What I remember most, however, isn't the details of the case, but how transfixed I was just sitting there talking to Huntington, thinking to myself, "this is so fascinating." He was able to take policy debates and frame them in a much broader theoretical context. Sam was able to explain to you what confirms and what falsifies your argument.
A couple of years later, as a Ph.D. student at Harvard, I started working for Sam myself.
Today, in commemoration of Huntington's work at Harvard, I imagine the question for most of you is why you should care about Sam Huntington and why you should read his books.
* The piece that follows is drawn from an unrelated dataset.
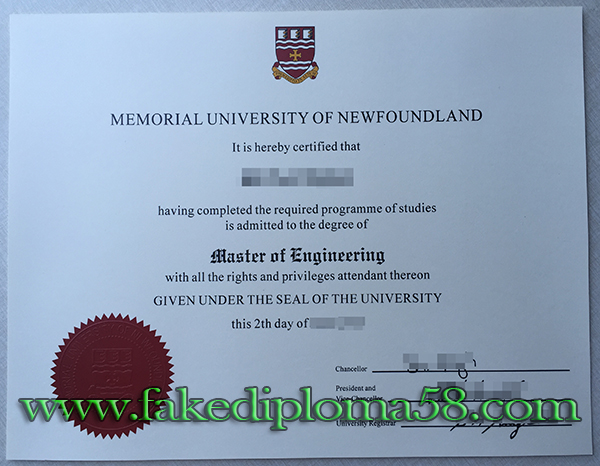 Where can I buy a Memorial University of Newfoundland degree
I think more than anything else, Sam Huntington represented the view that social science is about connecting two large variables: the dependent and independent variable. Sam would often say to me, "You have to find a big independent variable and a big dependent variable." In other words, you've got to start with something big to explain. If you're trying to explain something trivial, who cares? Then, if you try to explain the French Revolution, you have to have a powerful reason to explain it. If you have 19 reasons that explain the French Revolution, nobody cares. He once said to me, "If you tell people the world is complicated, you're not doing your job as a social scientist. They already know it's complicated. Your job is to distill it, simplify it, and give them a sense of what is the single, or what are the couple, of powerful causes that explain this powerful phenomenon."
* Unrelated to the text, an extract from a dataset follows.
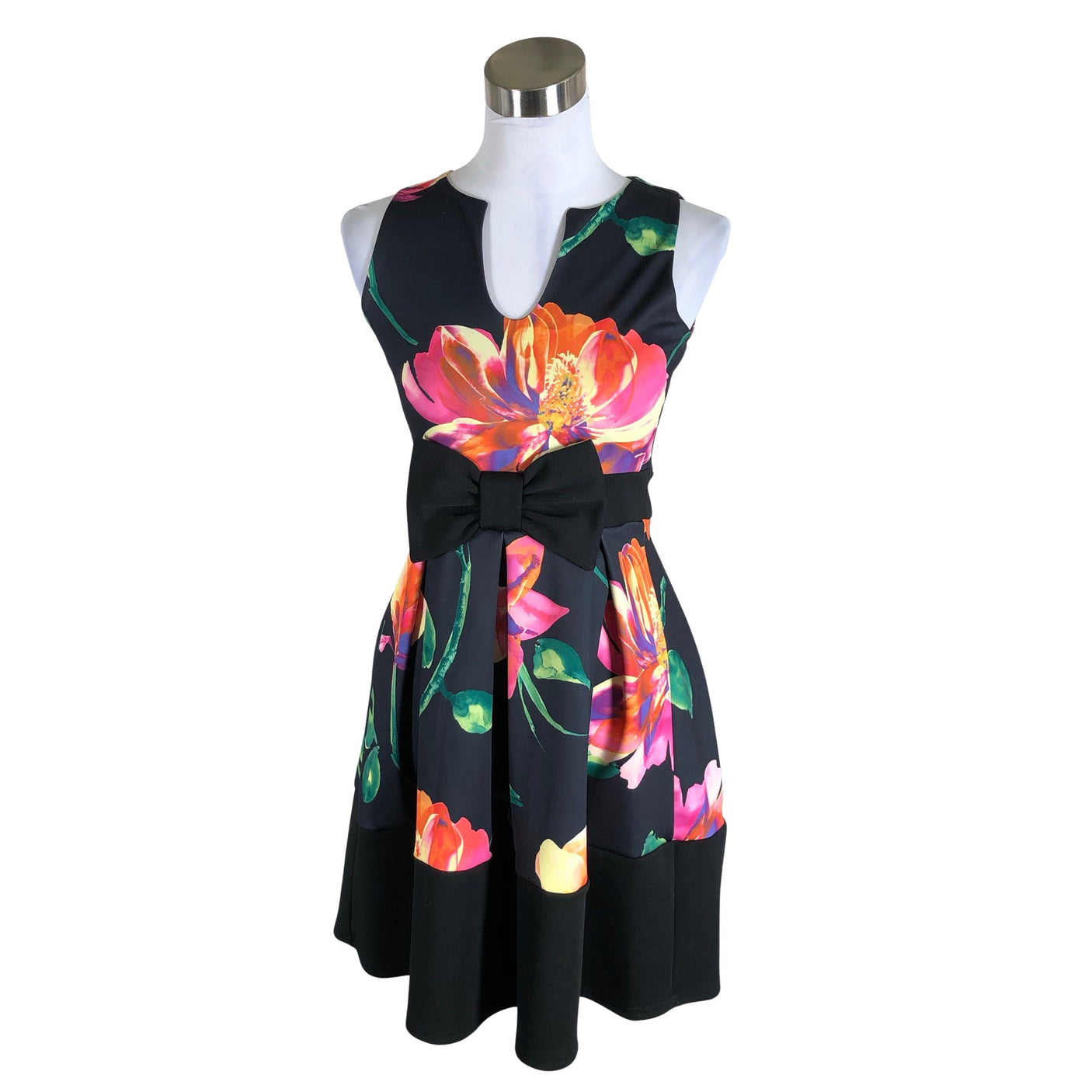 Unisex Evita - Tricot dress, size 36 - Black (1)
That's always stayed with me as the central insight that Sam Huntington had for his students, particularly at a time, and in an academic profession, in which the instinct was to go for the capillary rather than the jugular. Sam always went for the jugular. If you look at his books, he always asked, what are the biggest things in the world that need to be explained? And what do I think is going on there? He did it with post-colonial development, with American politics when it seemed to be spiraling out of control in the 1970s, with the end of the Cold War, where he saw a resurgence of ethnic and religious identity. Whether you agree or disagree with his conclusions, what is striking is how he never shied away from taking on big questions. Walter Lippmann once said, "Most people mumble because they are afraid of the sound of their own voices." When you put yourself out there, people will disagree with you, and Sam had his fair share of that. People disagreed with him vigorously, but he was trying to shed some very powerful light on what was going on in the world. And he did so in so many different fields.